A senhora do ar dorido intervinha na conversa apenas com monossilábicas exclamações, ao mesmo tempo que erguia os olhos para o relógio onde o tempo de espera avançava na parede. Quando a interlocutora fez uma pausa maior, estendeu o seu comentário, sentenciando: «Olhe, minha senhora, a vida é mesmo assim… Todos temos as nossas cruzes!”
O comentário soou-me a ponto final. E o mesmo deve ter sentido a queixosa, pois ficou em silêncio, abanando a cabeça e fechando os olhos, como se procurasse lá dentro o seu calvário privativo.
Instintivamente fiz o mesmo, ouvindo, íntima, a pergunta que me coloquei: quais são, João, as tuas cruzes?
Pensei nelas então e repenso-as agora que as confesso. Não as enumero todas, mas apenas as que mais me têm doído…
Têm-me doído a cruz da renúncia. Dói-me cada vez que não a vejo como oferta generosa e alegre daquilo ou daqueles que tenho de deixar. Sim; quando deixo sem dar, sofro o despojamento, a expropriação e não a alegria da prenda desprendida, amiga e amorosa.
Tem-me doído a cruz da própria dor. A dor esmaga-me cada vez que a vejo como limite e não a compreendo como sinal; cada vez que exclamo que está a dar cabo de mim, sem a perceber como recomeço, aviso, momento de alicerce, ocasião para relativizar e, paradoxalmente, valorizar a fugacidade dos instantes.
Tem-me doído a cruz do orgulho. Sinto-a quando me dou por ofendido, ou quando não me perdoo nem me deixo perdoar. É, então, uma dor inventada, que nunca existiria se a não criasse na proveta da minha vaidade ou do meu amor-próprio.
Tem-me doído a cruz da incompreensão. E esta abarca tanto a mágoa de não ser compreendido como a incapacidade de compreender que há obstáculos no caminho e dias em que o sol, mesmo nascendo, não se mostra.
Tem-me doído a cruz da superficialidade.
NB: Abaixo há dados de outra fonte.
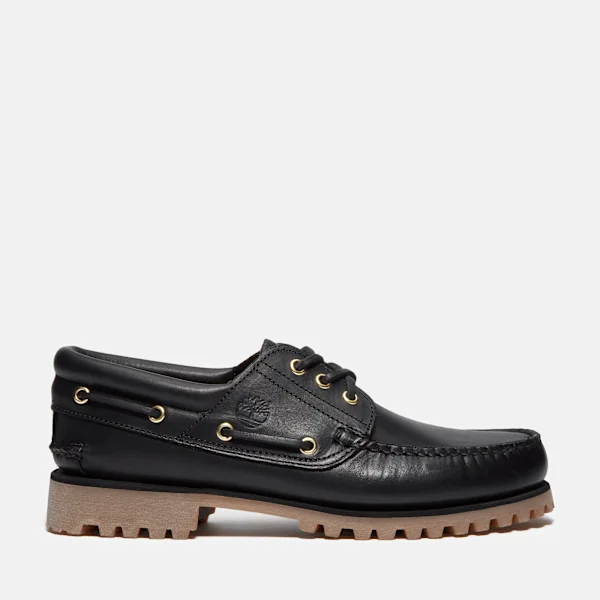 Calçado de barco Timberland® Authentic 3-Eye Lug para homem, cosido à mão Calçado de barco Timberland® Authentic 3-Eye Lug para homem, cosido à mão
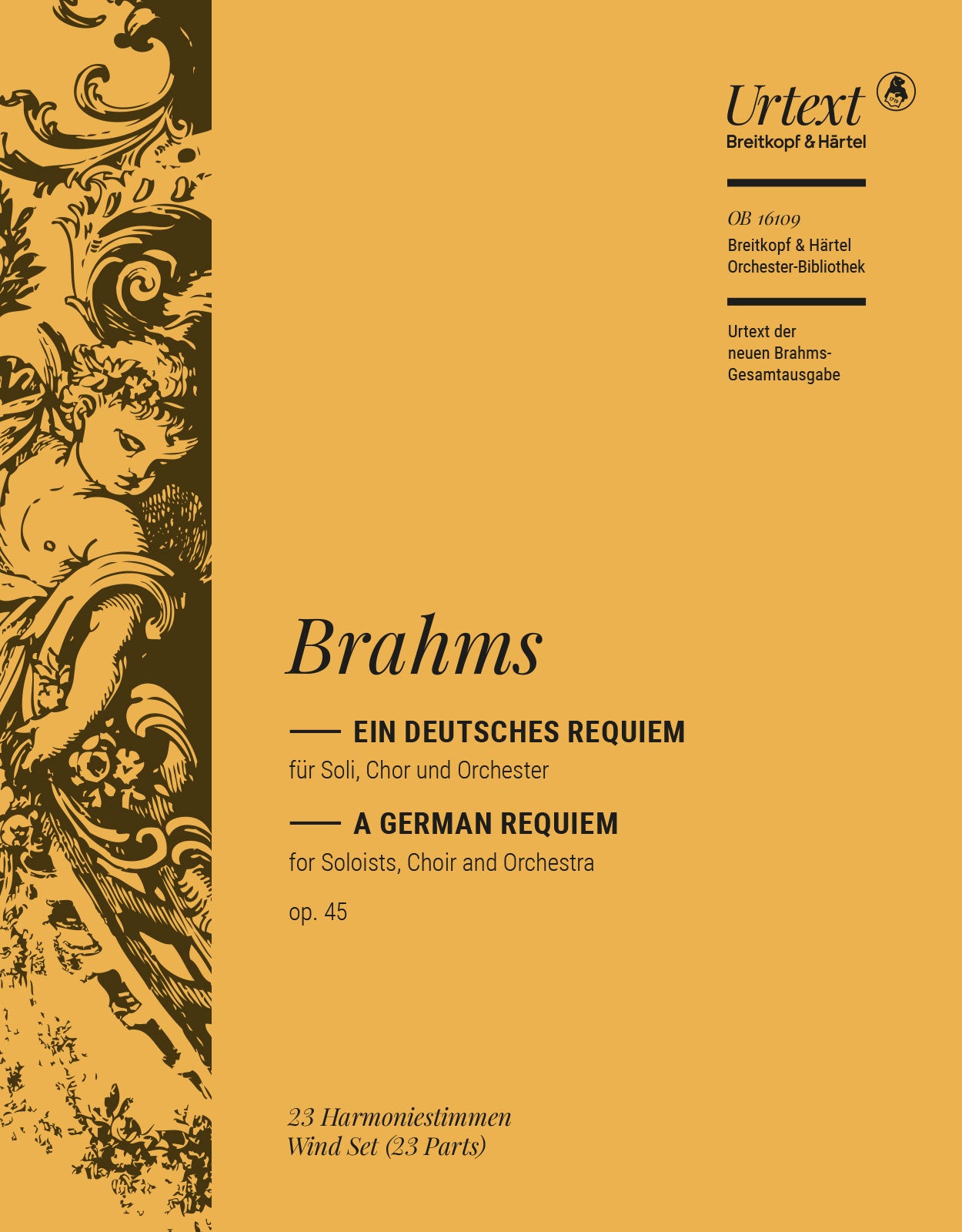 ブラームス : ドイツ・レクイエム Op.45 (Johannes Brahms : Ein Deutsches Requiem / The Deutsche Kammerphilharmonie Bremen | State Choir L Brahms: Ein deutsches Requiem, Op. 45 – Ficks Music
Nasce do vazio que fica no fim de cada pressa, de cada avareza que faz mesquinhos os gestos e pensa que é possível ser santos de serviços mínimos.
Tem-me doído – coisa estranha? – a cruz dos dias em que nada me dói. Porque descubro depois que fui eu a não querer ver, a não querer sentir, a não querer saber que há choros na TV apagada, no rádio desligado, ou na rua que escondi nas persianas corridas e silenciei nos vidros duplos.
Sim; tenho muitas outras dores que ainda hei-de reconhecer, para as ver remidas.